Anne Hudon a été présentée aux médias lundi matin.

Le Festival d'été de Québec a trouvé sa nouvelle patronne [VIDÉO]

Après près de deux ans d’intérim, le Festival d’été de Québec (FEQ) a enfin trouvé sa nouvelle patronne. Actuellement présidente et directrice générale d’Opération Enfant Soleil, Anne Hudon prendra en juin les rênes du rendez-vous musical.

Mme Hudon succède donc officiellement à Daniel Gélinas, qui a quitté la direction du FEQ en 2017, après 15 ans à la tête de l’événement. Claude Doré s’était de son côté temporairement assis dans la chaise du capitaine pendant les deux dernières années.

Née à Paspébiac, Anne Hudon réside à Québec depuis plus de 20 ans. Titulaire d’un baccalauréat en communication et marketing de l’Université Laval, elle a par le passé été directrice des opérations chez Cossette. Elle œuvre depuis 10 ans au sein de l’organisme à but non lucratif Opération Enfant Soleil. Elle quittera ses fonctions après le téléthon annuel et se joindra à l’équipe du FEQ et de sa filiale 3E le 10 juin.

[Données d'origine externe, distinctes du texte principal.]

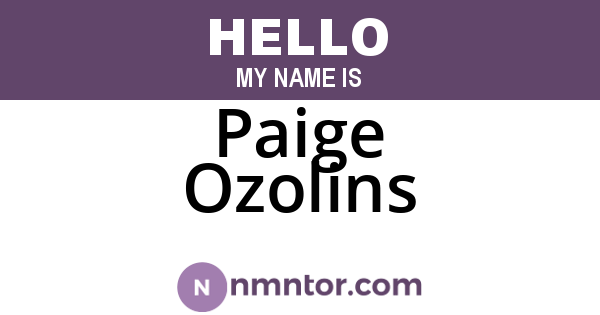 Paige Ozolins
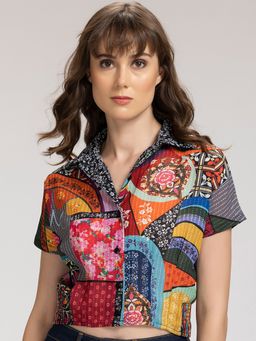 SHAYE - Collar Neck Multi-Color Floral Printed Short Sleeves Shirt For Women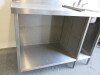 Stainless Steel Prep Table with Single Bowl Sink, Stainless Steel Splashback, Lever Taps & 2 Shelves Under (1 Adjustable), Size H90 x W120 x D70cm. - 2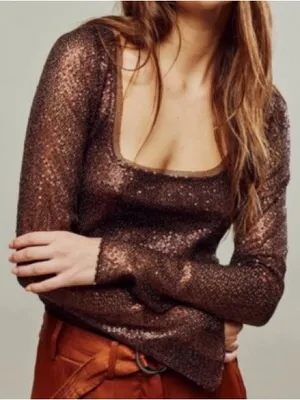 NWT Free People Intimately Late Night Disco Layering Top Sequin Hot Fudge Brown thumbnail 2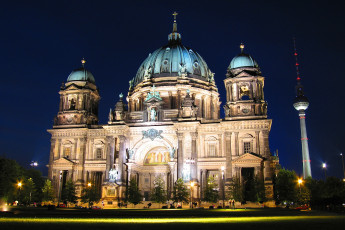 Картинка города берлин+ германия вечер храм огни башня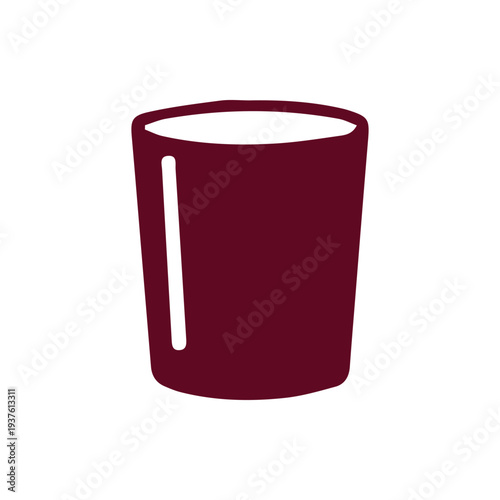 Stylish Dark Red Drinking Glass Silhouette Clipart for Web Design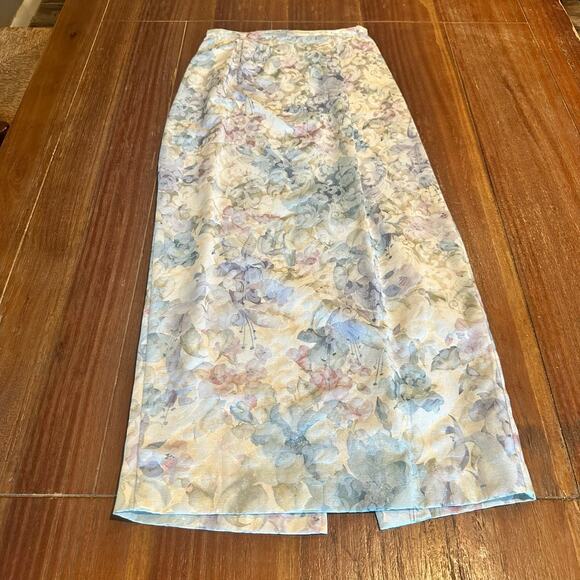 Vintage Scott McClintock Pastel Brocade & Lace Skirt Suit Maxi Size 60 - Picture 6 of 8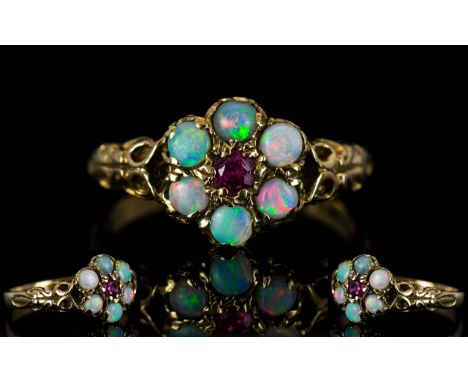 Antique Period Attractive 9ct Gold Opal and Garnet Gallery Set Dress Ring. Flower head Design. Full Hallmark 9.375 Gold. The 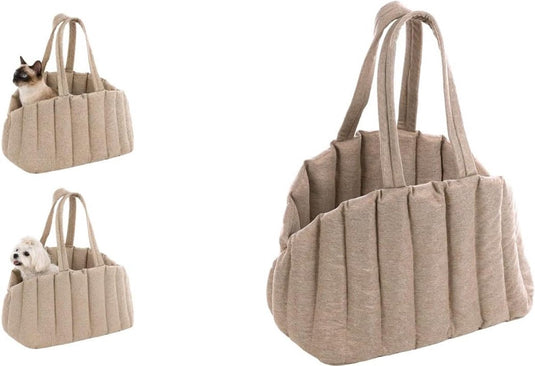 Flamingo draagtas hond – draagtas kat – gladys beige – 58 x 32 x 34 cm – ruime bodem – uitneembare bodem – afneembare hoes – veiligheidsriem – reistas hond reistas kat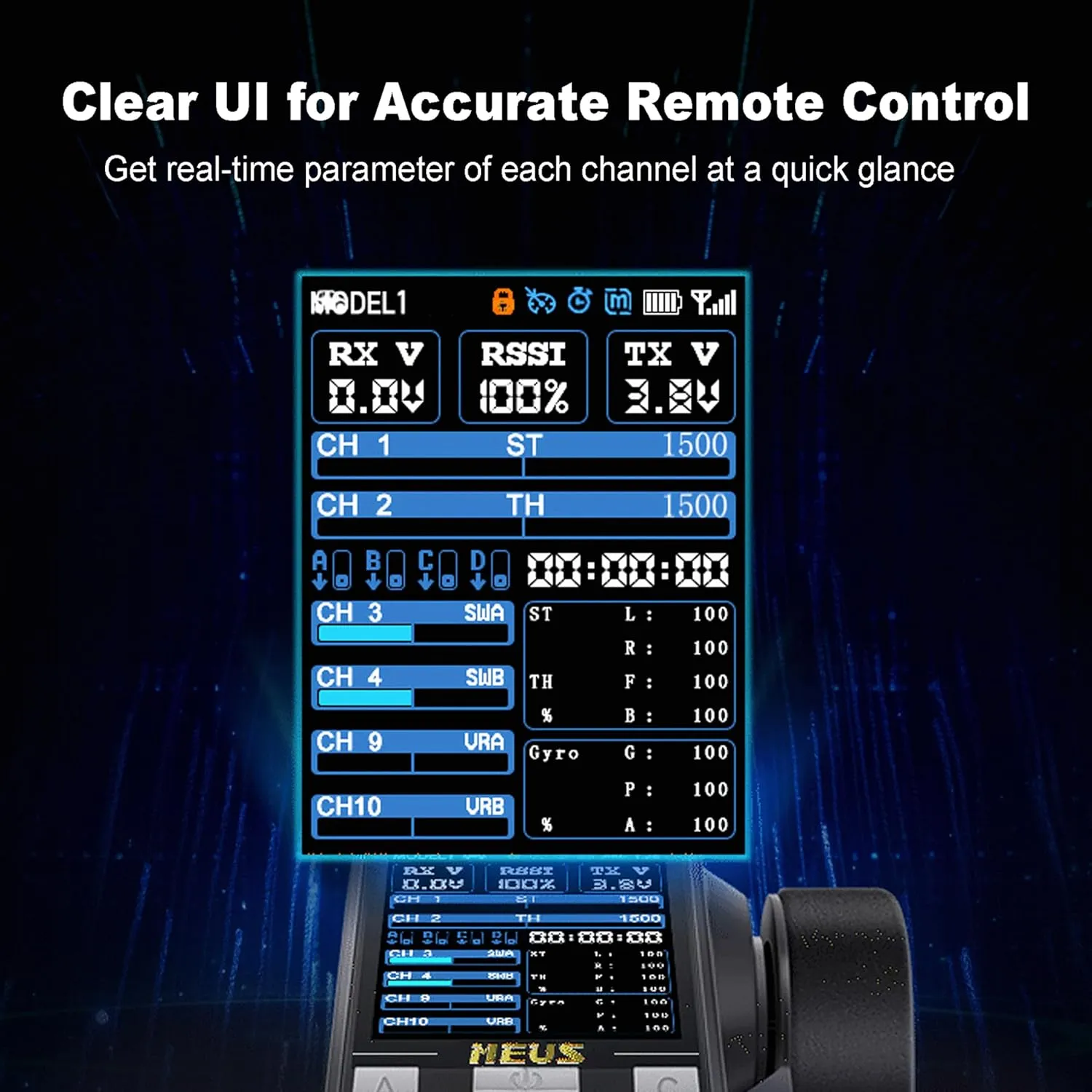 MEUS RACING RC Transmitter 8 Channels 2.4GHz and Receiver with Coach Mode for 1/8 1/10 1/18 1/24 RC Crawler Car Boat TRX4 TRX4M SCX10 SCX24 Upgrades Parts (Black)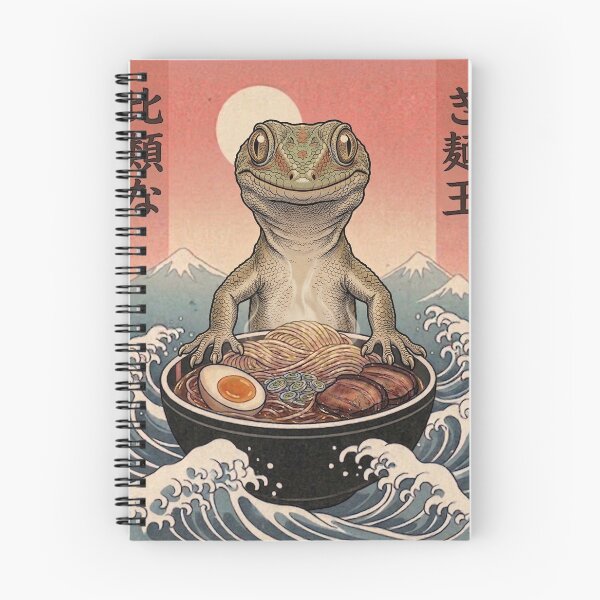 Item preview, Funny Gecko Japanese Ramen Noodles Vintage Kanagawa Wave designed and sold by FurryHavenPH.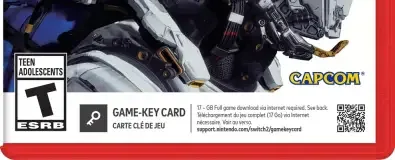 Pragmata, the ESRB box on its front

«C’est un cadeau pour une DG, a-t-elle observé lundi. Ma discipline olympique, si j’en avais une, ça serait la direction générale. C’est ce que je fais depuis que j’ai 24 ans, tant en philanthropie qu’en agences. Je connais mes capacités à mobiliser une équipe sur le terrain pour qu’elle donne le meilleur d’elle. C’est une équipe qui a une capacité d’innovation assez extraordinaire. Ce sont des spécialistes. Ce n’est pas à ce niveau-là que je veux amener quelque chose. C’est plutôt de faire jouer tous ces gens-là ensemble pour amener le festival vers d’autres sommets.»

«En mode observation»

Anne Hudon a indiqué lundi aborder le défi de prendre les commandes du FEQ «un jour à la fois». Elle profitera du prochain festival pour se familiariser avec le fonctionnement de l’événement. «Je vais avoir l’opportunité d’entrer en coulisse. Je vais avoir une belle édition pour rencontrer chacun des membres de l’équipe, voir ce qui se fait sur le terrain et être en mode observation. En août, la vraie partie va commencer», précise celle qui succède «avec beaucoup d’humilité» à Daniel Gélinas, dont le nom demeure associé à la croissance du FEQ depuis les années 2000.

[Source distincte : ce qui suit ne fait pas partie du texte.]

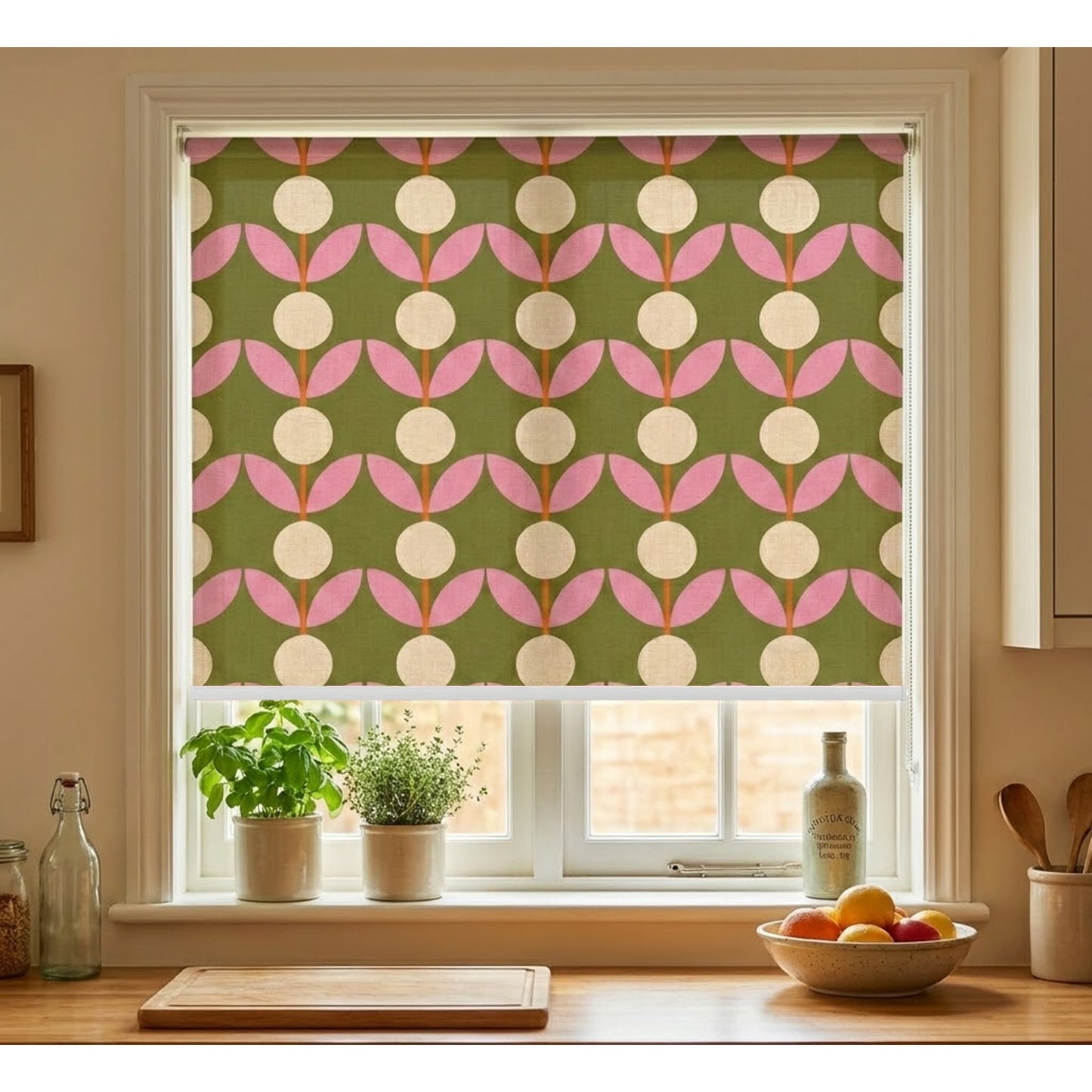 Retro Flora Pattern Window Roller Shade
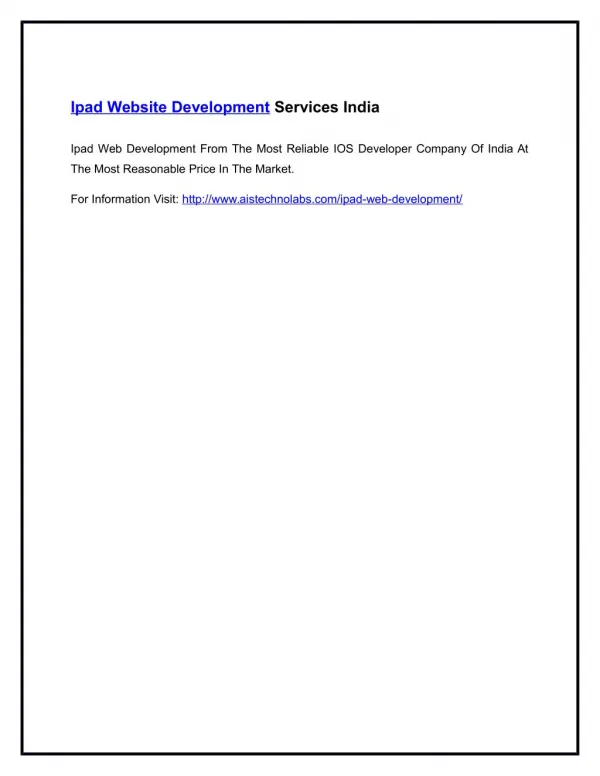 Ipad Website Development Services India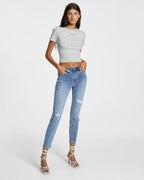 Womens Spray On Exposed Haven Skinny Denim Jeans - Denim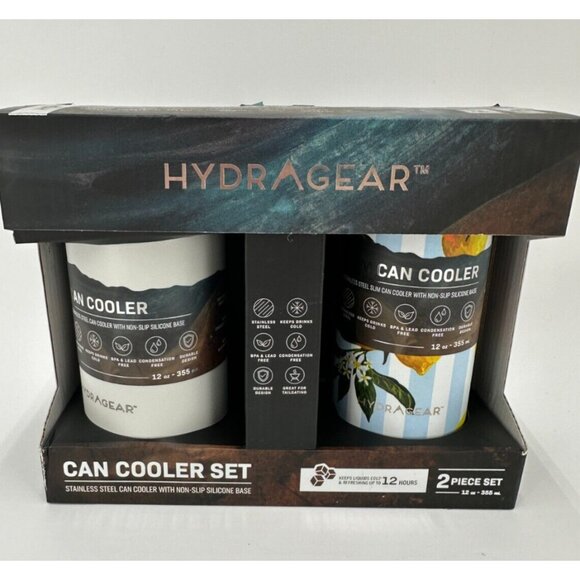 HydraGear Can Cooler Set 12 oz Stainless Steel Non-Slip Silicone Base SLIM & Reg - Picture 2 of 7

«Je le remercie aussi d’avoir mis sur pied une équipe incroyable qui a su non seulement faire du maintien, mais aussi de l’innovation dans la dernière année et demie», indique Anne Hudon. Si la nouvelle patronne se décrit comme une «grande amatrice de musique», elle se garde bien pour le moment de dresser une liste de demandes spéciales pour le directeur de la programmation, Louis Bellavance.

«Pas pour le moment! lance-t-elle. Honnêtement, je pense qu’être à la tête d’une organisation comme celle-là, ça va bien au-delà de ses goûts personnels. L’important, c’est de vibrer au rythme de toutes les musiques et d’être multigenres, comme le festival l’est. Mais disons que Louis inspire la confiance!»

«ON A PRIS LE TEMPS»

Alors que l’ex-directeur général Daniel Gélinas a plié bagage en 2017, au lendemain du 50e Festival d’été de Québec (FEQ), il aura fallu un an et demi pour trouver sa remplaçante. Un délai qui s’explique notamment par la volonté de ne pas brûler les étapes ni de précipiter une nomination, selon le président du conseil d’administration du FEQ, Alain-Jacques Simard.

«On a pris le temps, indique-t-il. Si on avait trouvé la candidature parfaite après trois mois, on l’aurait prise. Mais il a fallu chercher, il a fallu creuser, il a fallu se poser des questions et se challenger avec l’équipe en place. Là, on a coché toutes les cases avec Anne [Hudon].»

Selon M. Simard, le processus d’embauche a été lancé tôt après le départ de Daniel Gélinas. Sans révéler combien de candidatures ont été reçues, il laisse entendre qu’elles ont été nombreuses. Alors que la première étape s’est avérée infructueuse, le CA a semble-t-il préféré remettre le projet d’embauche à plus tard. 

«Quand on a une équipe de qualité comme on a, la pire chose qui peut arriver est de faire un geste prématuré et de créer des turbulences dans l’équipe en place, note M. Simard. On savait également que rendu en mars, les dés sont joués pour l’édition qui s’en vient. Pour la première année, on s’est dit qu’on enlèverait ça de l’esprit de l’équipe, qu’on allait prendre un temps de recul et repartir les efforts plus tard.»